RC#62: Nostalgia lane


published in Eastern Economist #453, October 8, 2002
This column is only for those who have spent at least 10 years in the region. The rest of you will only feel disoriented as you wind through this strange excursion.
            The other day, my cleaning lady brought over a ‘dozen’ eggs. I say ‘dozen’ although, in fact, everything here is metric, so eggs come in sets of 10, not 12.
            Ever since I came here, the standard way to buy eggs in Ukraine has been to tell the saleslady (believe it or not, in all these years, I haven’t ever seen a man selling behind the counter in a grocery store) how much you want. She then counted them and carefully packed them, one by one.
            Used to be that she would make a cone of stiff paper and carefully place the 10 eggs in there, then fold over the top, so they didn’t fall out. You then had to carefully place this paper cone with 10 fresh eggs somewhere safe among your groceries. More often than not, you got home to find one egg cracked and leaking.
            When plastic bags became fairly common, the ladies started packing eggs in small-sized transparent bags and tying them up. You still had to place them very gingerly on top of all your other groceries and pray nothing smooshed them before you got home.
            Yes, you could buy eggs in carton. You just had to buy 30 or 40 and then they were literally sandwiched between two flats and tied with string. The only manufactured “egg purses” – hard plastic egg cartons complete with snaps and handles – were generally for 5x6 eggs. 30-40 was enough to last me three-four months, so I never used the cumbersome thing.
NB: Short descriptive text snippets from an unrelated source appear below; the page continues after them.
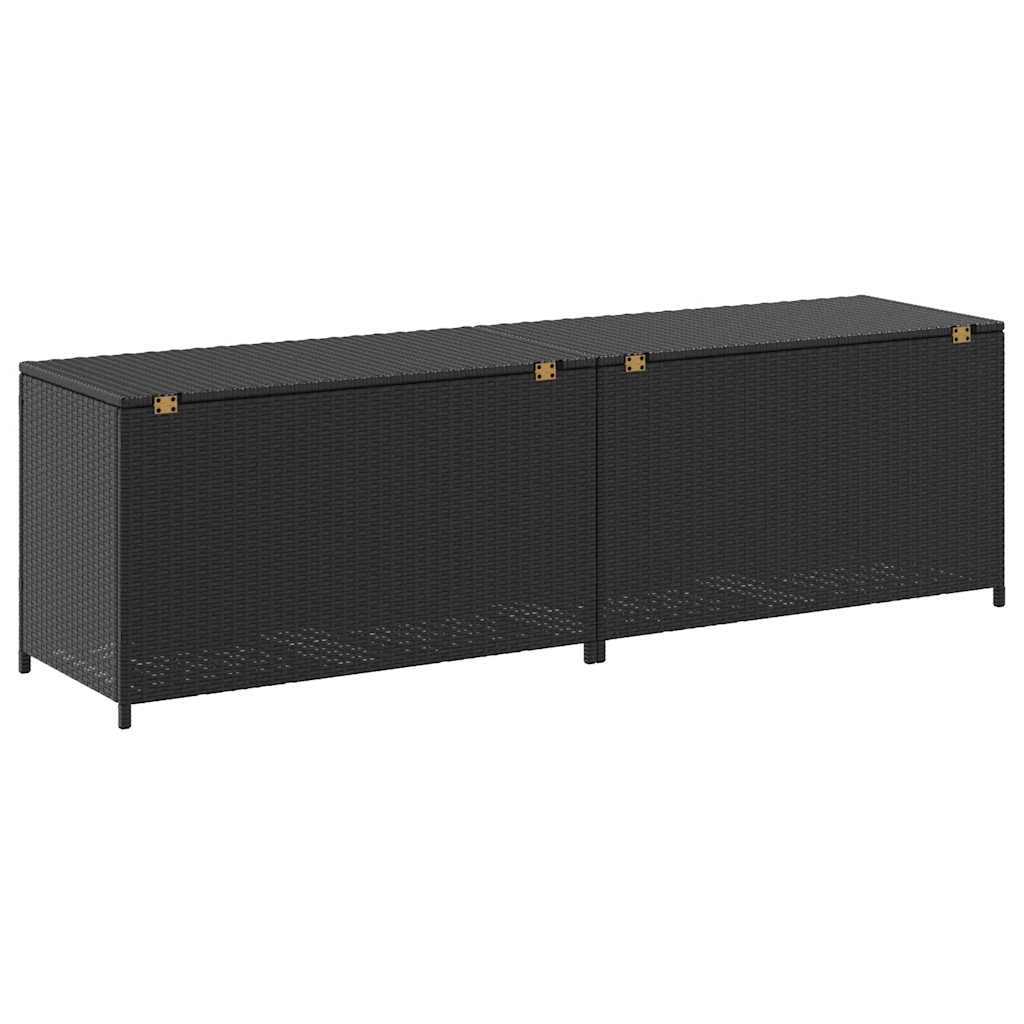 Tuinbox 200x50x60 cm poly rattan zwart is nu te koop bij PeponiXL, paradijselijk wonen!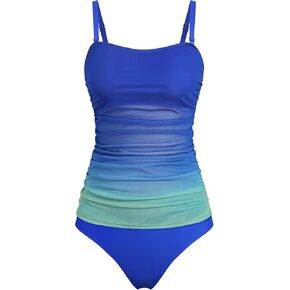 ZAFUL Womens Tankini Bathing Suit Two Piece Swimsuit Sheer Mesh Swim Dresses Tummy Control Lace Swimwear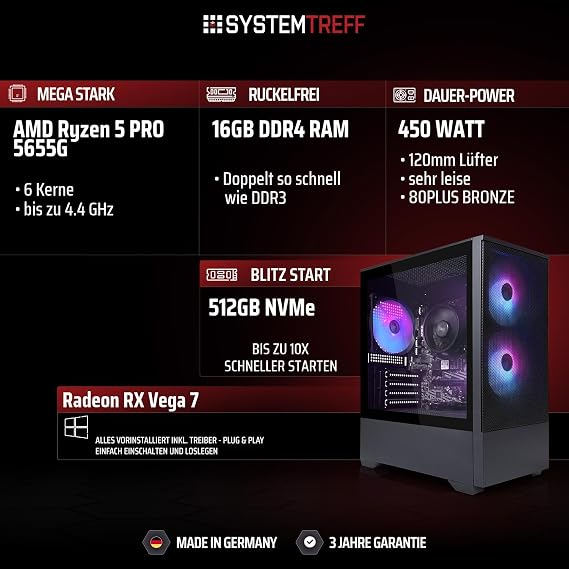 SYSTEMTREFF Basic Gaming PC AMD Ryzen 5 5600G 6x4.4 GHz AMD RX Vega 7 4K HDMI DX12 512 GB M.2 NVMe 16 GB DDR4 RAM Wi-Fi Desktop Computer for Gaming Windows 11 Pro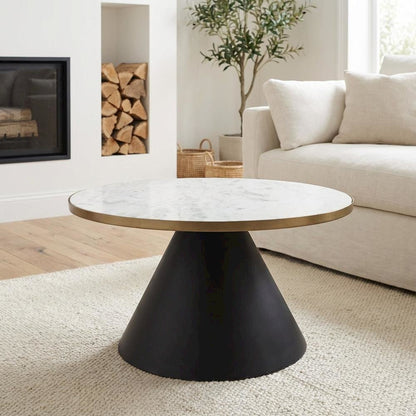 Black Marble Coffee Table with Iron Frame and Gold Accents for Living Room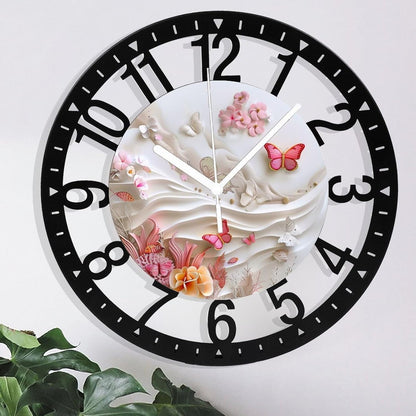 Metal Wall Clock for Living Room -10" Pink Butterflies and Fish in Coral Garden Silent Non Ticking,Battery Operated, Antique Clocks for Farmhouse,Bedroom,Kitchen - Arabic Numerals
            This time, my eggs were in a carton. Not a 5x6 monster, not two carton layers wrapped in string. A nice factory-made carton. Not paper or polystyrene. It was a light plastic, transparent egg carton with a colorful professional label. It even snapped shut neatly. Reusable. Moreover, each egg was quality stamped.
            It got me to thinking of the things that have changed most radically. (Remember, this is nostalgia time. No politics.)
            Packaging is a big one.
            Gone, for the most part, are the soviet one-style-suits-all jars with the separate plastic lids that also came in two standard sizes that would fit anything from a 250 ml jar to a 5-liter one. The good thing about these jars was that they were recycled.
            Gone, mostly, too, are the metal lids that had to be pried off very, very carefully, then tossed and replaced by the standard plastic ones.
            Service is another.
            The first time I drove around Kyiv, back in 1992, it was like being in a low-grade spy movie just to get gasoline. Les, the man who was showing me around, would drive along some main road until he saw a few men lingering around a battered-looking truck. He’d then jump out, grab a jerrycan and go over to them. They’d negotiate a little, gesturing at the car and at the truck.
            Sometimes there’d just be a chorus of shrugs and he would come back, disgruntled. Other times, a wad of bills would cross hands and he’d come back with five or ten liters of gas for the car.
            “Don’t you have any gas stations here?” I asked him.
            “Not any more. They’re all shut down. Deficit.”
            Les was also very cagey about just how he knew where to get gas and how he determined a fair price.
            Later, when I started living in Kyiv, I noticed that there really wasn’t anything resembling gas stations, operating or abandoned. Occasionally, you could see a shack with one or two WWII-issue pumps nearby.
            About four years ago, it all started to change. First one station, then two. Then, about two years ago, a dozen chains with unfamiliar names (other than BP out by Boryspil) began sprouting gas stations across the country like mushrooms after the rain.
            Now you can whizz into a spiffy hi-tech, white-tiled gas station, have a coffee while a guy in uniform fills your tank, and sometimes even pay for it all on a credit card. It’s almost too easy, really. Takes the adventure out of travelling in Ukraine, if you ask me.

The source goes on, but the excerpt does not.